参加者と地元の人が一緒に沖縄料理を作る姿

 ハタケーション期間中は、地域の人達が歓迎した。皆で夜に星を見に行ったり、近隣に住む男の子が家に来て三線を弾いてくれたり、皆で沖縄料理を作ったり、普通の観光では決してできない体験ばかりだ。

 そして畑仕事や交流を満喫し、ハタケーションから帰宅した後日、オンラインで収穫祭を行った。こうして実体験+オンラインをフルに活用することで、体験者にとってより宮古島が身近になり、どこか懐かしささえ感じられる場所となった。

 金子さんは、ハタケーションを通して「体験者が宮古島に爪痕を残すことを重視した」と話す。

 「長期でしか実現できない体験をしてもらえるチャンスなので、また戻ってきたい場所にしたいという前提がありました。沖縄がその人にとって安心できる特別な場所になったり、観光では関わることのない人と交流することによって、新しいシナジーを生むことがあります。そういった人の関わりこそ、ワーケーションが沖縄にもたらす『可能性』だと僕は思っています」

観光地から「ただいま」と言える場所へ

 宮古島含め沖縄は人の温かさも大きな魅力だ。その土地で、地域の人と共に畑を耕し、交流し、沖縄料理を一緒につくることで、「観光」ではなくもっと踏み込んだ存在になれるのかもしれない。

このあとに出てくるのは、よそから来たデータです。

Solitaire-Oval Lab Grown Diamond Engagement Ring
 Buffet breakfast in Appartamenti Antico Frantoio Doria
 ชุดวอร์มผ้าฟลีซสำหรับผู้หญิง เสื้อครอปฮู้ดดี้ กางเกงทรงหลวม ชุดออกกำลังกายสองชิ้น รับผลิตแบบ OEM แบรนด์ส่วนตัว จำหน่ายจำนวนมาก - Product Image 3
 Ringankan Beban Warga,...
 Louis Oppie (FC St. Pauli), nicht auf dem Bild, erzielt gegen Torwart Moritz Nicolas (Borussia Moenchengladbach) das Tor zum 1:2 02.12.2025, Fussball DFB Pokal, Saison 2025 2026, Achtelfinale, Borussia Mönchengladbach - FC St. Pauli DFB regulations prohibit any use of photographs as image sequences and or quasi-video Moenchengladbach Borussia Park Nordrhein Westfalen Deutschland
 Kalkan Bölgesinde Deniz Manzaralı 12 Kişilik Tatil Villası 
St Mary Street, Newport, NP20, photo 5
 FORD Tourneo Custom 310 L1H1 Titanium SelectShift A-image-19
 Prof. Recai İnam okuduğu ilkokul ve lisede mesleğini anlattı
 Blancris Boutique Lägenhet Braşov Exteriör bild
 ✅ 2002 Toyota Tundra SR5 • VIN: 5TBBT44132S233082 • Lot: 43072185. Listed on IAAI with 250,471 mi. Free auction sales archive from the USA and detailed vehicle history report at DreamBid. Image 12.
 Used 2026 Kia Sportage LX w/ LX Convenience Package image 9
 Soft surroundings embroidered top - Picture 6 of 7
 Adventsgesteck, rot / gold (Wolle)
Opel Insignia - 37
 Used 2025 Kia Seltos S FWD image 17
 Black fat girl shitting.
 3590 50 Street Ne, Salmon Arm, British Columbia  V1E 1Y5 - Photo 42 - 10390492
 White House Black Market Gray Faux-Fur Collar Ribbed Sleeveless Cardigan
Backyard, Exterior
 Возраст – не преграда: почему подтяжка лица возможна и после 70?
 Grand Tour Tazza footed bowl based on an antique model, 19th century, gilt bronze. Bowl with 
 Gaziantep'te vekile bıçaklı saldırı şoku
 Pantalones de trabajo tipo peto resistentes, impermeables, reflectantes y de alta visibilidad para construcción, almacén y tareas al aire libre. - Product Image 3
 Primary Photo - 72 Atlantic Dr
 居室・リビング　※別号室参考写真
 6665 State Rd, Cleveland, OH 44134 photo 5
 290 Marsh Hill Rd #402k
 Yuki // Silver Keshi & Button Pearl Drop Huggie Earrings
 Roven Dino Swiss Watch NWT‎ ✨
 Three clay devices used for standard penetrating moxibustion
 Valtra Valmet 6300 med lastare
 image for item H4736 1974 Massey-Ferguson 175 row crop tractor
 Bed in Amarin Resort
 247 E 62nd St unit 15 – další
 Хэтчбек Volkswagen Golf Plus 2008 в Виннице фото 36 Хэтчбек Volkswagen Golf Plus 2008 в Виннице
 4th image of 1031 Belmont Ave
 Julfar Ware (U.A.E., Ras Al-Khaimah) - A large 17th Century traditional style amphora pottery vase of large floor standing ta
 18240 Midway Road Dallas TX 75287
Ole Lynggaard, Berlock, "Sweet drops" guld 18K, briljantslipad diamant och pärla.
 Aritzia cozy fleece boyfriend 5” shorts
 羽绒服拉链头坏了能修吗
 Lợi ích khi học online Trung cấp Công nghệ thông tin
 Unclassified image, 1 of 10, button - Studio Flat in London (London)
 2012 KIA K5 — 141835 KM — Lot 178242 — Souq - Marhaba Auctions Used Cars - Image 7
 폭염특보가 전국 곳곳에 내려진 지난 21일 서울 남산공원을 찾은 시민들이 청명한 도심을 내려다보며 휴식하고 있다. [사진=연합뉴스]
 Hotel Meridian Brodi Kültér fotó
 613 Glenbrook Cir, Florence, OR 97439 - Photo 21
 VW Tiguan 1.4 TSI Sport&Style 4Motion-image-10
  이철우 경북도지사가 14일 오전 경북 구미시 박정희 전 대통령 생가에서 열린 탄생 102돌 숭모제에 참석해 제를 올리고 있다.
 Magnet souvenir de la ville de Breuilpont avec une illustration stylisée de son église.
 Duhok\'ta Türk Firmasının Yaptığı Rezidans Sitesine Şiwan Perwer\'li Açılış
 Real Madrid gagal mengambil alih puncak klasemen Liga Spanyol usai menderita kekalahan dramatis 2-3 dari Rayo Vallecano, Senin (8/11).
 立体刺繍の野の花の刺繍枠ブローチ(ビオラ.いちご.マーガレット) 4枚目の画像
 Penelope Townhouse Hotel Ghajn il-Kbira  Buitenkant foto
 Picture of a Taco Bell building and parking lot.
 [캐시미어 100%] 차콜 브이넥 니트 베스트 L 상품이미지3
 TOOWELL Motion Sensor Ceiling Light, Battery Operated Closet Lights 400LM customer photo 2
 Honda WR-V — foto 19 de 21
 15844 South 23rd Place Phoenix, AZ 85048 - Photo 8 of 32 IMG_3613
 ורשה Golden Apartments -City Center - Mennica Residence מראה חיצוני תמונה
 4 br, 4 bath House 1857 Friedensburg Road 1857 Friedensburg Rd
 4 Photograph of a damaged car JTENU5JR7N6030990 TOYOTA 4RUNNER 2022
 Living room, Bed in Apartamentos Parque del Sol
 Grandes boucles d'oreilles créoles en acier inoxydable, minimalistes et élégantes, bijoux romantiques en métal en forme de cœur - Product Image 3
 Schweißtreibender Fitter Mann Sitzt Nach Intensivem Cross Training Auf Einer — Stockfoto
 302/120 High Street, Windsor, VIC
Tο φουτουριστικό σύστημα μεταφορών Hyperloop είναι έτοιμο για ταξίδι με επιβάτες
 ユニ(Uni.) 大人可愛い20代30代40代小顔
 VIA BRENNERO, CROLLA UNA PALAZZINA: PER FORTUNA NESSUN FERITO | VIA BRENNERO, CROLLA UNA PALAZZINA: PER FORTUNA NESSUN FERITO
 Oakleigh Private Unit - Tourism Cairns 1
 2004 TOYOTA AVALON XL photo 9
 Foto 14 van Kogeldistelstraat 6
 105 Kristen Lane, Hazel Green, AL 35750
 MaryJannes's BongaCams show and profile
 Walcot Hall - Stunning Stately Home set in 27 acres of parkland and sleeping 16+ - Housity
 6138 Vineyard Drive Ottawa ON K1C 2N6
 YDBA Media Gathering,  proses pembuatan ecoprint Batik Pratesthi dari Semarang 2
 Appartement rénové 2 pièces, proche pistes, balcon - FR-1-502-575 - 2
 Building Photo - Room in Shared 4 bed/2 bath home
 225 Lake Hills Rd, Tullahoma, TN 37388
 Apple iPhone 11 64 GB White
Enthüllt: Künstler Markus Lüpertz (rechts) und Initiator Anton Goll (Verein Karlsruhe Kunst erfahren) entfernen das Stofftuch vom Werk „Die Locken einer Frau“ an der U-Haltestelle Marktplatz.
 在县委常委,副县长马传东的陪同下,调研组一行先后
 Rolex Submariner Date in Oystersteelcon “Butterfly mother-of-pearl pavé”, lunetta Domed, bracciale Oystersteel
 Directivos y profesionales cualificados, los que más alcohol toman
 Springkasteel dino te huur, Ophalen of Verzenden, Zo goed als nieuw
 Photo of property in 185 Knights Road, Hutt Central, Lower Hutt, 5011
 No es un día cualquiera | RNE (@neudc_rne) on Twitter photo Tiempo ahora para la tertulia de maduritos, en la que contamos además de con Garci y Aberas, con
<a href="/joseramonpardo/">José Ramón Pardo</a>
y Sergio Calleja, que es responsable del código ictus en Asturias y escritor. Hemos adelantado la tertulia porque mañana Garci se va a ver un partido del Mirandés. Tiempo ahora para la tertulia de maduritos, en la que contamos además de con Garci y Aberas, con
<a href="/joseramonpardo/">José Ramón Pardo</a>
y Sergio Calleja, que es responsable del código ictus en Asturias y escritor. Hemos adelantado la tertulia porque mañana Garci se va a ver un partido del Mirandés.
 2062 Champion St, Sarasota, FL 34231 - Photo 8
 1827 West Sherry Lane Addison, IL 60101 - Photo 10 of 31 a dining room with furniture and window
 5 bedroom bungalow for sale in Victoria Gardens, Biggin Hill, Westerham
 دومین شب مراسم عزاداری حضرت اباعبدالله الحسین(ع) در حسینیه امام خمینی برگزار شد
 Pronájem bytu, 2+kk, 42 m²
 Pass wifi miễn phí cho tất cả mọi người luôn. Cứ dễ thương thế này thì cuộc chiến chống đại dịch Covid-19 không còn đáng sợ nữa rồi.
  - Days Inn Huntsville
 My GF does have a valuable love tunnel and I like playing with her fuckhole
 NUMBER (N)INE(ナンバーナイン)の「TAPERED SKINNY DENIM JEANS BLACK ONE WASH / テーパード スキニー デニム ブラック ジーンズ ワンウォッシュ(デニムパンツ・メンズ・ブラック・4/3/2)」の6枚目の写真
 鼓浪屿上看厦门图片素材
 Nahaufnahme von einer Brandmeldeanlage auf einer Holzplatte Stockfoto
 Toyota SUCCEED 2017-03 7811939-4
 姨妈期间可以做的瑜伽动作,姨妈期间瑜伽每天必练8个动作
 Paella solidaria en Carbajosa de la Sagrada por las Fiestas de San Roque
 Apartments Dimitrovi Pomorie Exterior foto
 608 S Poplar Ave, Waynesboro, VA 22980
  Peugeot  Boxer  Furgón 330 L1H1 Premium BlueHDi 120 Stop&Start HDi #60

 これまで夏に観光客が増えるのは当たり前だったが、新型コロナウイルスの影響で夏の繁忙期も分からない状況が続く中、季節を問わず沖縄に訪れる人が増える機会をつくることは、沖縄の観光産業にとっても新たな可能性となるだろう。

 「デジタルへの投資は、アナログ時間となって返ってきます。分かりやすい例が、このハタケーションではないかと思っています。デジタル投資をした個人や法人は、どこでも働ける時間を手に入れて、よりアナログな世界を楽しめる。五感で感じる沖縄を文字通り楽しむために、賢くデジタルと取り入れてほしいです」

 今後は、延期となったモニターツアーを再開し、商品のパッケージ化を予定している。金子さんはワーケーションとしての意義はもちろん、相乗効果として「お洒落に農業をやれる人を増やすことも目的にしたい」と話した。